The Green Party in BC: Provincial Elections

Carr is making a spirited but likely doomed run for a first Green seat.

By Will McMartin, 6 May 2005,

Green candidates have contested last five provincial general elections in British Columbia. The party’s share of the popular vote in the first four contests was in the low single-digits, and in the fifth rose to the low ‘teens. The latter improvement was concomitant with a dramatic fall in voter support for the New Democratic Party.

The Greens first appeared in a B.C. general election in 1983, when four candidates garnered a total of 3,078 votes. By comparison, Social Credit had nearly 821,000 ballots, the New Democratic Party, 741,000, and even the moribund Liberals tallied more than 44,000.

One of the Green hopefuls, 30-year-old Adriane Carr, ran in Vancouver-Point Grey and snared 1,549 votes.

Nine Greens contested the 1986 general election, and then 42 offered themselves in 1991. The results were similar as the fledgling party on both occasions captured less than one percent of the province-wide vote.

The 1996 general election saw a small breakthrough of sorts, as 71 Green candidates obtained 2.0% of the popular vote. As in the previous contests, however, no Green representative came close to winning election. As for total votes, the Liberals had nearly 662,000; the New Democrats, 624,500; Reform BC, 147,000; and the Progressive Democratic Alliance, 91,000. The Greens were a well-beaten fifth at 31,500.

But fortune soon smiled on the Greens; and, specifically, Carr. The Liberal party swallowed Reform BC, enticing MLA Richard Neufeld and others into the fold, while the New Democratic Party absorbed the PDA by awarding leader Gordon Wilson with a cabinet post. A once-crowded field of five competitive parties began to shrink to three, although minor entities such as the Marijuana Party and Unity BC made ultimately unsuccessful bids for voter attention.

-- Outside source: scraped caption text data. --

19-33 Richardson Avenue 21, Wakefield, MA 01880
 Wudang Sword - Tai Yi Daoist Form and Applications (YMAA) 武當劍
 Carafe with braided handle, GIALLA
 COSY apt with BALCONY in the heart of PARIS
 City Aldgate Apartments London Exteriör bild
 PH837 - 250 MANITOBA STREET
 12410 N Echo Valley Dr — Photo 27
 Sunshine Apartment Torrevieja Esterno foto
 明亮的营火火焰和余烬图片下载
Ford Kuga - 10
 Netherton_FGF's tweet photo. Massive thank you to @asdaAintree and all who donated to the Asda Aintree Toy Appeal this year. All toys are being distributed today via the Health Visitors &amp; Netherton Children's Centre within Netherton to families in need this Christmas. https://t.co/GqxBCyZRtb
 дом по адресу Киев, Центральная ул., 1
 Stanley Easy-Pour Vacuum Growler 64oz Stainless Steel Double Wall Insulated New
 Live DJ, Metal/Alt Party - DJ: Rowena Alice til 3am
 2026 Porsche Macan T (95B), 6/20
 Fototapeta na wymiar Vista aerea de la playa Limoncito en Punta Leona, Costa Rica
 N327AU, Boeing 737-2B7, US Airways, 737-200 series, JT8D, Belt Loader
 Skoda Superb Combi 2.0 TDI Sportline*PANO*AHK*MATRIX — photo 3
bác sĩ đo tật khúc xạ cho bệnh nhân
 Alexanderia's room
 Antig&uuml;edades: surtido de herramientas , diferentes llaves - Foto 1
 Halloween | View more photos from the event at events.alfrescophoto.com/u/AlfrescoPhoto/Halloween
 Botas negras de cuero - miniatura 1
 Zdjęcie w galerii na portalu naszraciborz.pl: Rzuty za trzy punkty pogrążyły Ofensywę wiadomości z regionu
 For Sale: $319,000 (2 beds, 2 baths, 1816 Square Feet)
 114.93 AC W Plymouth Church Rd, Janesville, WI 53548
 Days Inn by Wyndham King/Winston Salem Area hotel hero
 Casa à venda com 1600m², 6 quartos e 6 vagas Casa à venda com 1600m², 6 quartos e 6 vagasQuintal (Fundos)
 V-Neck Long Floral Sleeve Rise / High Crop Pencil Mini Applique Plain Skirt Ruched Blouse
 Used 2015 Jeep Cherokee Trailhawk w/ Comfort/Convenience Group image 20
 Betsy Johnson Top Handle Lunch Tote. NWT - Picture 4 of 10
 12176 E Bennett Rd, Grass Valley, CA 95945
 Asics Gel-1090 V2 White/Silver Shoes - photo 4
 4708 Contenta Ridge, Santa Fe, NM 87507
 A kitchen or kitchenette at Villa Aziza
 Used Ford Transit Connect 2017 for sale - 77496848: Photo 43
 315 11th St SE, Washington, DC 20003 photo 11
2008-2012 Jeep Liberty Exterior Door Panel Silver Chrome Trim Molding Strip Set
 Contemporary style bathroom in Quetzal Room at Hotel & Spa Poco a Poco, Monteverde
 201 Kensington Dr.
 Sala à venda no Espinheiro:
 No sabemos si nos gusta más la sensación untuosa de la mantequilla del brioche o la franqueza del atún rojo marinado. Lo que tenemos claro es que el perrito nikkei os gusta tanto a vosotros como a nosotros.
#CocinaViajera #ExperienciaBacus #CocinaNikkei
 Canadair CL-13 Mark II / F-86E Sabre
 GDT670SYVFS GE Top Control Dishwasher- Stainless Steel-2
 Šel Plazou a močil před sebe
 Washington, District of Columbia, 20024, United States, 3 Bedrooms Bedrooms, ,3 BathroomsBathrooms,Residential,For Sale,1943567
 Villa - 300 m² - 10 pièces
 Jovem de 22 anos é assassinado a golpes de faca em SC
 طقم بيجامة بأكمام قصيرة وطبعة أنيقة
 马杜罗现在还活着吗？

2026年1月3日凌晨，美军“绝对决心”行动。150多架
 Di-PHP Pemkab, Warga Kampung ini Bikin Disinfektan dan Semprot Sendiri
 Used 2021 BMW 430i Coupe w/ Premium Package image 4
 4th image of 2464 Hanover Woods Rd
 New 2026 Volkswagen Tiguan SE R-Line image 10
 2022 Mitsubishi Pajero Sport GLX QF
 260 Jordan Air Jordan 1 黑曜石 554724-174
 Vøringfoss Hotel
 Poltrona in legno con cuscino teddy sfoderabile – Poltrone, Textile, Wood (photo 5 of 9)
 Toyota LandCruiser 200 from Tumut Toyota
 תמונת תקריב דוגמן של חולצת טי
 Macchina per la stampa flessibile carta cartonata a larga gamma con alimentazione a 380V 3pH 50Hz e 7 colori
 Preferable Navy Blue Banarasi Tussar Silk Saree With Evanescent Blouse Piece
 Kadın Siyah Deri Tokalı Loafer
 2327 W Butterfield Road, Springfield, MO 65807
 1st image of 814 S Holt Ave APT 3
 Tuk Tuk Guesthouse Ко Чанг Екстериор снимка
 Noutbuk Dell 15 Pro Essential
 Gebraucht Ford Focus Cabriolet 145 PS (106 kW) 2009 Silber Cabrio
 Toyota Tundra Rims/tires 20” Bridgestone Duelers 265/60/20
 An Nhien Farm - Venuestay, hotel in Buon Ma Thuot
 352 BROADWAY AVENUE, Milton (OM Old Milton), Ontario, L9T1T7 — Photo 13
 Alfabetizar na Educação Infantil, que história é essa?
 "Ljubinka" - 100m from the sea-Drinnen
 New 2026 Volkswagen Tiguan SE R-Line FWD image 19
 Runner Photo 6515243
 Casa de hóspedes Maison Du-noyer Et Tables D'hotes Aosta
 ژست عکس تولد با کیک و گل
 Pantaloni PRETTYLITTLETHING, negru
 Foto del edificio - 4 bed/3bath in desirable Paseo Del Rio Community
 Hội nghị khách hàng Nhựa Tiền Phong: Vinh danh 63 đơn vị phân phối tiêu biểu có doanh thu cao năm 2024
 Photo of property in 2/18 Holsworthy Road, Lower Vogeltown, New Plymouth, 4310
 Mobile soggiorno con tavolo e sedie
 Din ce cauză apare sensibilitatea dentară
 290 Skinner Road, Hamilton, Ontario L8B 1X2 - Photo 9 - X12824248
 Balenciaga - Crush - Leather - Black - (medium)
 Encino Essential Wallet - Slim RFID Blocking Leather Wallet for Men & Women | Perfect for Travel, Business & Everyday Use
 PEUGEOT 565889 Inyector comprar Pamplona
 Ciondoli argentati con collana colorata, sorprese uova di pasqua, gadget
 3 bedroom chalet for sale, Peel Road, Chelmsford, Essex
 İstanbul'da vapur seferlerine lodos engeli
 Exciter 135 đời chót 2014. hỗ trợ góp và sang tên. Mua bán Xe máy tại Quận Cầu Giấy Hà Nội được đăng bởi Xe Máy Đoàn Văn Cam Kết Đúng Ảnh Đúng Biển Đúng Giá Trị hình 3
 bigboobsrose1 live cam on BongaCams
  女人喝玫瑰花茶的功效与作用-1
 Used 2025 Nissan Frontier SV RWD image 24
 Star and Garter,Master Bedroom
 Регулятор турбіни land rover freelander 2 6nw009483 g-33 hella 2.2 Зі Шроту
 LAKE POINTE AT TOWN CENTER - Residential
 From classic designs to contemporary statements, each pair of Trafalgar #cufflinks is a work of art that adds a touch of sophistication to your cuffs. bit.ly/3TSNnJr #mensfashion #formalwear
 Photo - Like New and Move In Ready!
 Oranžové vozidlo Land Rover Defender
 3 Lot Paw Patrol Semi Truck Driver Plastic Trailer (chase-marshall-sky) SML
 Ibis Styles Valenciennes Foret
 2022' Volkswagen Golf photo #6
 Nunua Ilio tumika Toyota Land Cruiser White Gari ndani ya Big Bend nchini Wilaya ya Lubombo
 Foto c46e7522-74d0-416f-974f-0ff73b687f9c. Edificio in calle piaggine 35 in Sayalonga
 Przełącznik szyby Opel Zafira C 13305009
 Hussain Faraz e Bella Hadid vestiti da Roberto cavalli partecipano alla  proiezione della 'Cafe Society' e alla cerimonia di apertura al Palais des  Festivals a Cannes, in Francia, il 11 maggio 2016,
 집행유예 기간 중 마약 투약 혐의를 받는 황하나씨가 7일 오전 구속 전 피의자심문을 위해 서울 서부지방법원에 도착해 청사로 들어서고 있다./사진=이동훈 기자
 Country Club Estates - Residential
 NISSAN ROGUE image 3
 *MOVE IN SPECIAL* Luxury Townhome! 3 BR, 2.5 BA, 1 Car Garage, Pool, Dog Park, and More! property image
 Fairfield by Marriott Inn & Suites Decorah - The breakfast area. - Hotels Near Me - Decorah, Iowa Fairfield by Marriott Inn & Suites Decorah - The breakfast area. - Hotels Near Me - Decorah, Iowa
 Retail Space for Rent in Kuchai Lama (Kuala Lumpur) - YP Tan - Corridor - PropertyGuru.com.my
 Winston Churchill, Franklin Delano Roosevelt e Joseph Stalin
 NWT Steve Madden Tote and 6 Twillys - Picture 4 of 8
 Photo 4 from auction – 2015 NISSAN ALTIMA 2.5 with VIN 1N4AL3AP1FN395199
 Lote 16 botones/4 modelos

Meanwhile, the governing New Democratic Party was plummeting to new depths of unpopularity. Premier Glen Clark, who took office in 1996 after Mike Harcourt quit in the midst of a party scandal, himself was forced to step aside when it was learned that the RCMP had opened a criminal investigation into his personal activities. Interim premier Dan Miller oversaw operations in the west annex until Ujjal Dosanjh was elected NDP leader in February 2000, and the latter’s performance as premier may best be described as pitiable.

With the New Democrats headed for electoral disaster, Carr enlisted Green supporters to launch a coup against the leadership of the peripatetic and ineffectual Stuart Parker. They succeeded, and in 2000 Carr was elected leader of the provincial Green party.

The NDP’s five-year legislative mandate had almost ended when Dosanjh roused from his stupour long enough to call a general election for May 16, 2001. When the ballots were counted, the Liberals had taken 917,000 votes and won a massive legislative majority with 77 of 79 seats.

From 595,000 votes in 1991, and 624,000 five years later, the New Democratic Party fell to just 343,000 in 2001. (The NDP’s popular vote-share over the same period decreased from 40.7% to 39.5% to 21.6%.)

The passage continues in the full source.